Software Industry Overview in Pakistan

Saturday, January 16, 2010

The burka debate

NOW a draft bill is under consideration in the French parlia ment to impose a fine of 700 euros on any woman wearing a burka covering her whole body in any public place, and her husband twice as much if he forces her to wear the burka.

This is for the first time that women would be penalised for wearing the burka. Earlier France banned Muslim girls from wearing the hijab in schools. It argued that these religious symbols interfered with the state’s commitment to secularism and the French culture. In fact nothing happens without political ideology behind it. This measure is being championed by rightwing politicians who are exploiting anti-Islam feelings in France among a section of the people under the cover of secularism.

However socialists are opposed to any ban on the burka though they are not in favour of women wearing the burka. They feel women should be discouraged rather than banning the burka (which includes covering the face). Socialist spokesman Benoit Hamon announced that wearing the burka was not desirable but he did not favour a ban which would amount to an inconsistent ad hoc measure. “We are totally opposed to the burka. The burka is a prison for women and has no place in the French Republic,” he said. “But an ad hoc law would not have the anticipated effect.” The stand taken by the socialists appears to be quite logical. One cannot stop women from wearing the burka through a ban. It is quite undemocratic to punish one for wearing a certain type of dress. It is anti-democratic and anti-secular for a multicultural society. Let it be very clear that to cover the entire body, including the face, is not necessarily an Islamic way.

The Al-Azhar in Cairo has banned such a cover under an Islamic edict.

The ulema hold different views on the subject. A majority of them hold that covering the face and hands is not prescribed by the Quran or Sunnah. Only very few theologians and jurists want women to be fully covered. To compel women to so cover their bodies and face is indeed against women’s rights and dignity.

And a woman should be a free agent to decide for herself what to wear within decent limits and the cultural ethos.

However, this freedom also includes the right of women to cover their face, if they so desire and if they think it is a requirement of their religion. When I was lecturing at Bukhara University in a class of women students all of whom were wearing skirts with their heads uncovered, two women came fully covered including their faces. All other women demanded that these two burka-clad women be thrown out.

I told them to imagine that the burka-clad women were in a majority and two women had come wearing skirts with their heads uncovered, and the majority of the burka-clad women had demanded that those two women be thrown out — how would they feel? I, therefore, argued against getting violent just because someone dresses unlike us. We should have a dialogue with them and persuade them, if we can.

There could be a number of reasons why one prefers to wear a certain kind of dress. Maybe there is coercion by parents or husband which is undesirable. Or maybe one thinks it is a religious requirement or one tries to assert one’s right. Or maybe one is trying to fight cultural alienation. Certain dresses also become identity markers. Many Muslims who migrate from Asia and Africa experience a cultural shock when they see French or other European women wearing scanty dresses like bikinis. Thus they feel all the more compelled to wear their traditional dress.
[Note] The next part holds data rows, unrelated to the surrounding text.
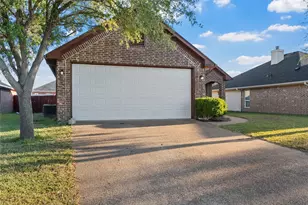 3016 Andalusian Ln, Robinson, TX 76706 - Photo 4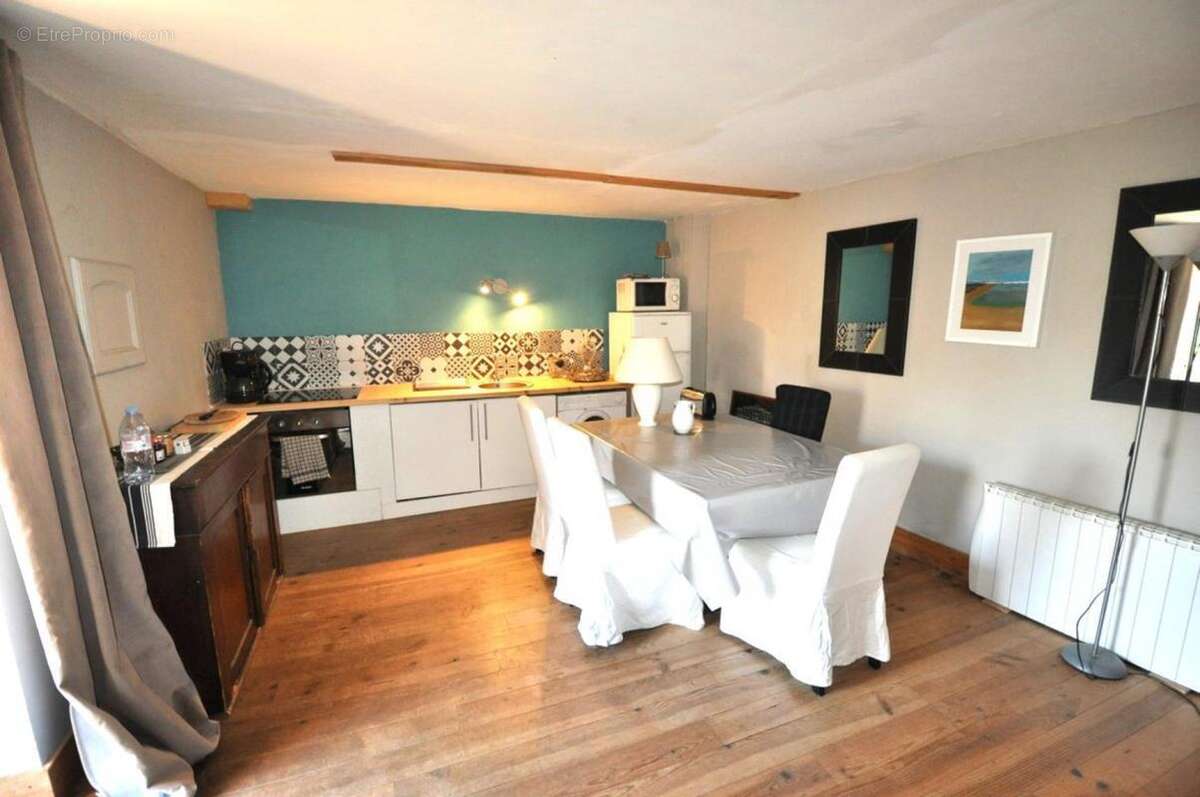 Maison à SAINT-SERNIN-SUR-RANCE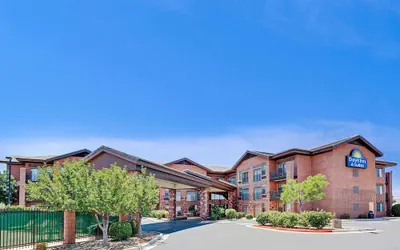 Photo 2 - Days Inn & Suites by Wyndham Page Lake Powell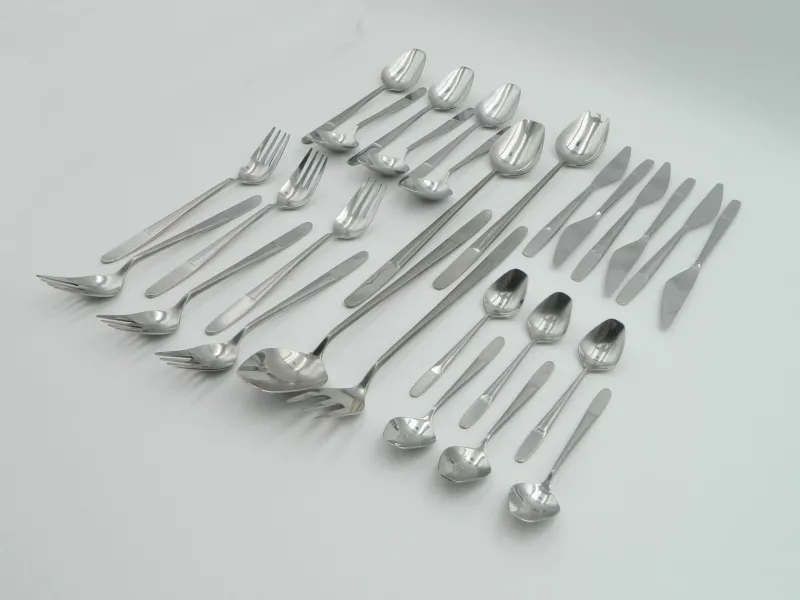 Pamono Model 2070 Cutlery for Six People in Stainless Steel by Helmut Alder for Amboss Austria, 1950s, Set of 28> Cutlery & Serving Utensils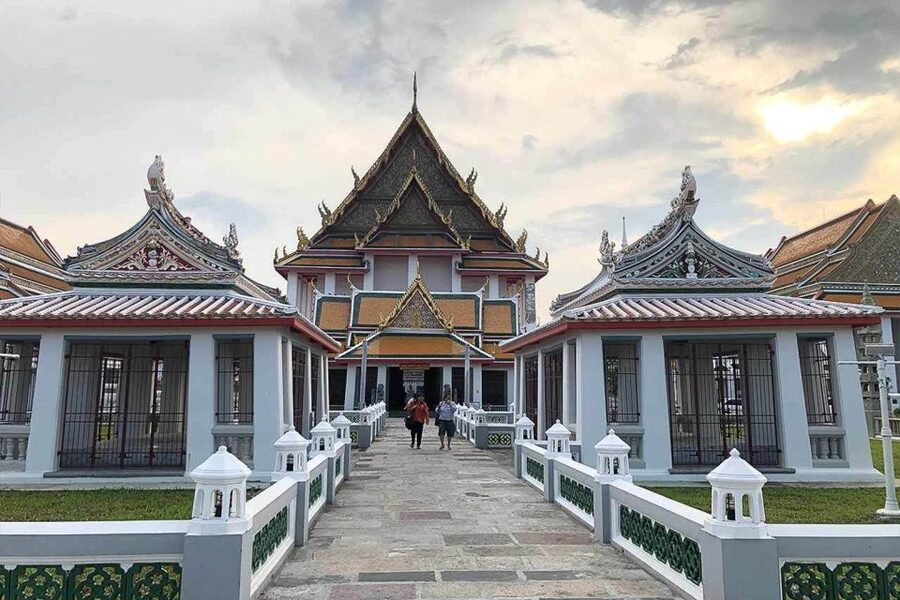 Bangkok: Historical Temples Tour & Hidden Bar at Sunset - Guides, pace, and the meeting point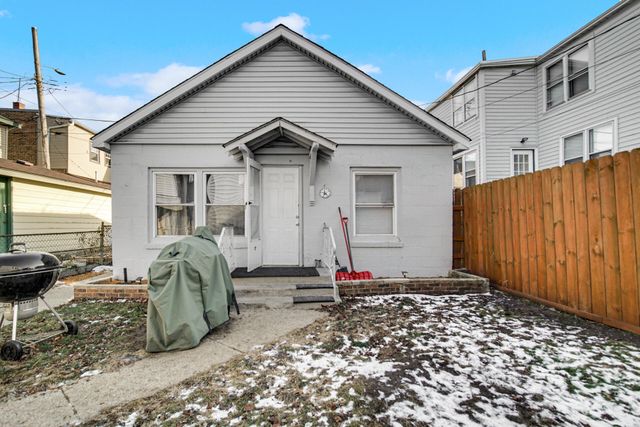 2033 Davidson Place, Whiting, IN 46394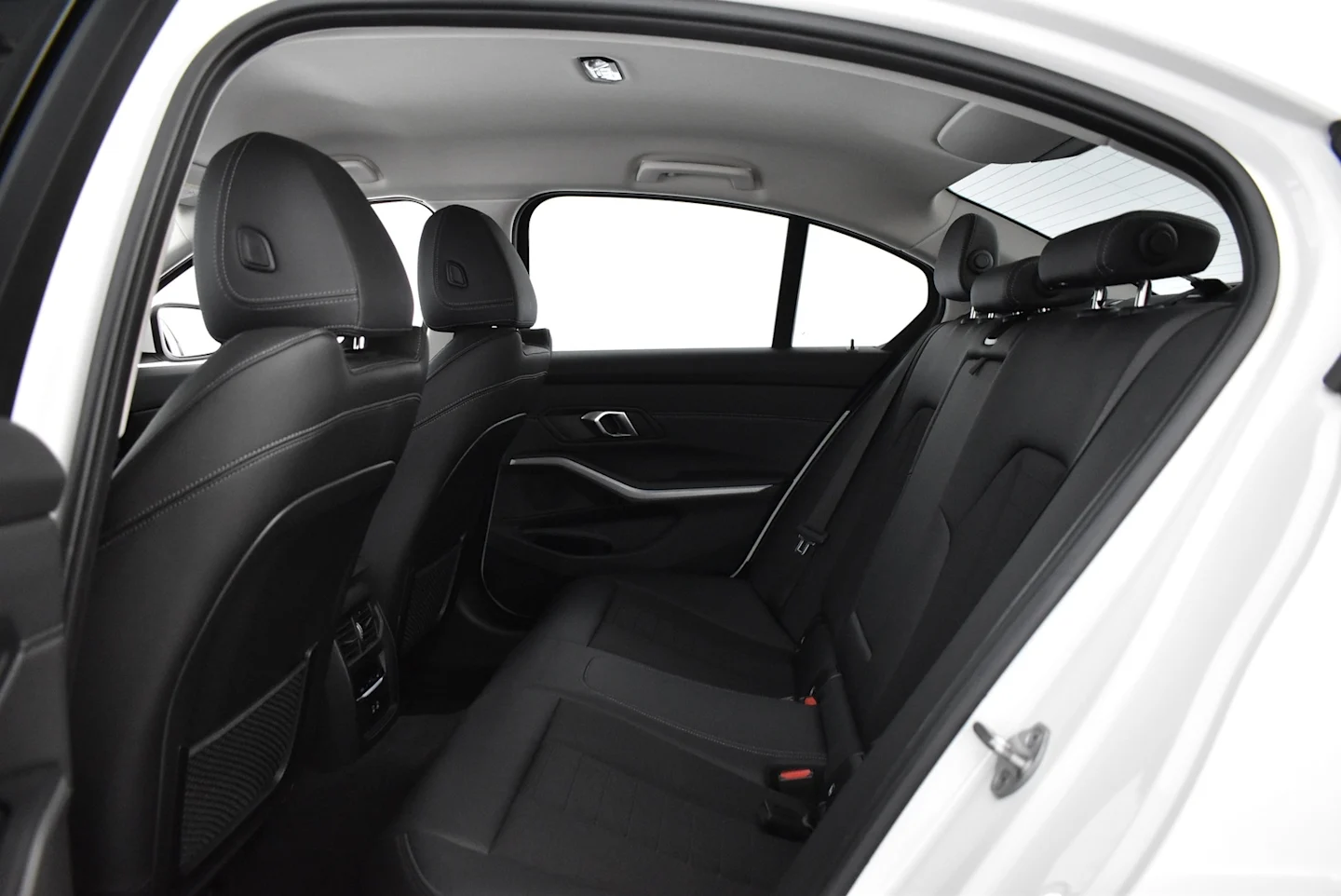 Car Image - 7JxRq7bjGs6APrnf34FZD9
Also, in France and several other European countries migrants are marginalised and feel alienated which pushes them into practising their own cultural norms. And then it is also to be remembered that all Muslim women in France do not wear such dress covering themselves fully. In fact many Muslim women have integrated themselves in French society by taking to western dressing.

A ban will only build up resistance among traditional Muslim women and they would try to defy the law resulting in social tension. It would be far better to resort to persuasive ways to discourage the more traditional women from wearing the all-covering burka.

Persuasion alone will not work unless backed by other measures, economic as well as social, to fight the alienation of religious and cultural minorities.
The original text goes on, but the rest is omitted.